3D Multi-modal Fusion Detection Pipeline Usage Tutorial¶

The 3D multi-modal fusion detection pipeline supports input from multiple sensors (LiDAR, surround RGB cameras, etc.), processes the data using deep learning methods, and outputs information such as the position, shape, orientation, and category of objects in three-dimensional space. It has a wide range of applications in fields such as autonomous driving, robot navigation, and industrial automation.

BEVFusion is a multi-modal 3D object detection model that fuses surround camera images and LiDAR point cloud data into a unified Bird's Eye View (BEV) representation, aligning and fusing features from different sensors, overcoming the limitations of a single sensor, and significantly improving detection accuracy and robustness. It is suitable for complex scenarios such as autonomous driving.

Please note that the 3D multi-modal fusion detection pipeline currently does not support Python 3.12 or above.

The 3D multi-modal fusion detection pipeline includes a 3D multi-modal fusion detection module，which contains a BEVFusion model. We provide benchmark data for this model:

The inference time only includes the model inference time and does not include the time for pre- or post-processing.

3D Multi-modal Fusion Detection Module:

Model	Model Download Link	mAP(%)	NDS	Description
BEVFusion	Inference Model/Training Model	53.9	60.9	BEVFusion is a multi-modal fusion detection model from a BEV perspective.
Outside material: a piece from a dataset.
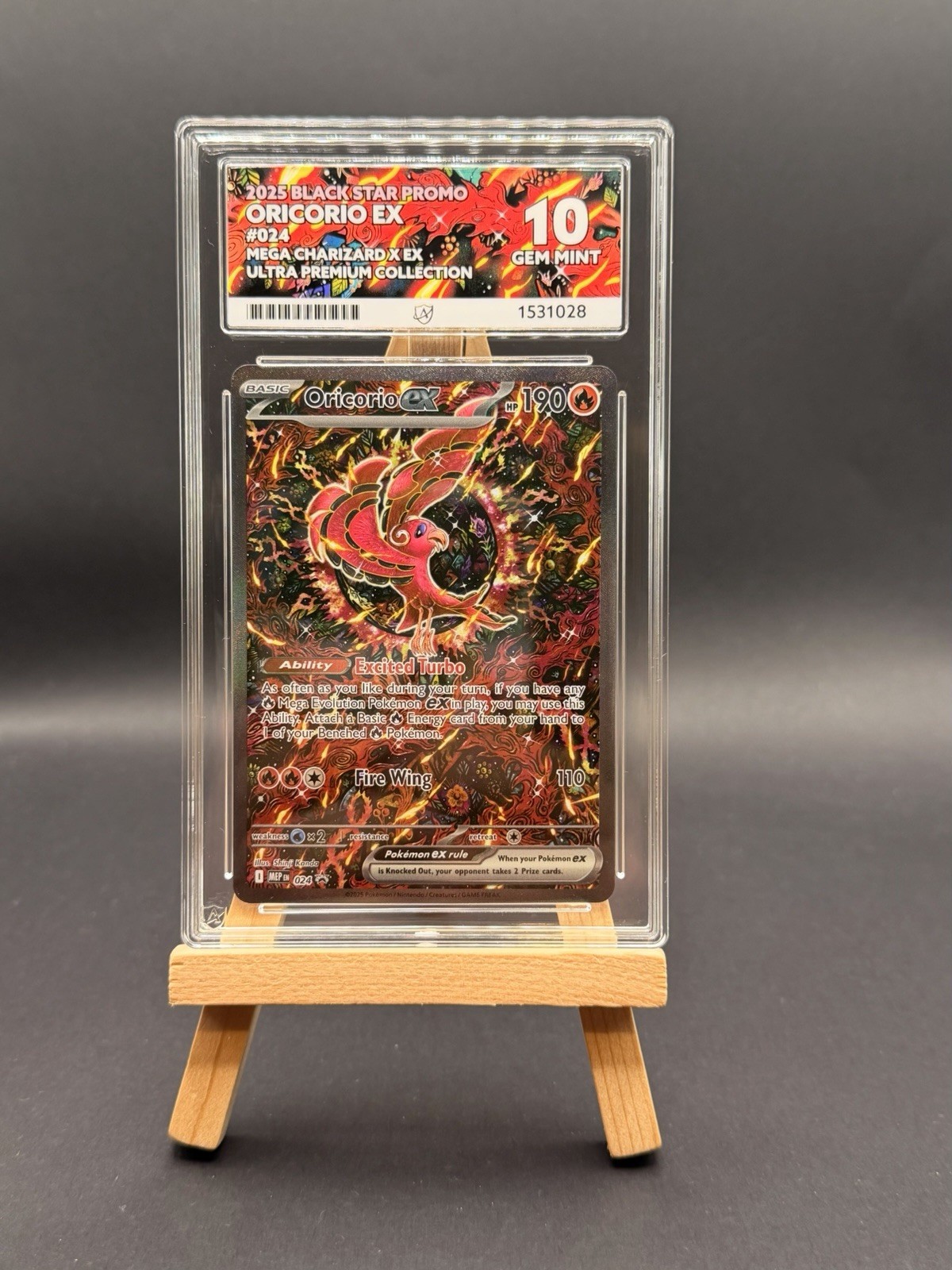 Oricorio ex 024 2025 Black Star Promo ACE Grading 10 Holo English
It uses two branches to process data from different modalities, obtaining features for LiDAR and camera in the BEV perspective. The camera branch uses the LSS bottom-up approach to explicitly generate image BEV features, while the LiDAR branch uses a classic point cloud detection network. Finally, the BEV features from both modalities are aligned and fused, applied to the detection head or segmentation head.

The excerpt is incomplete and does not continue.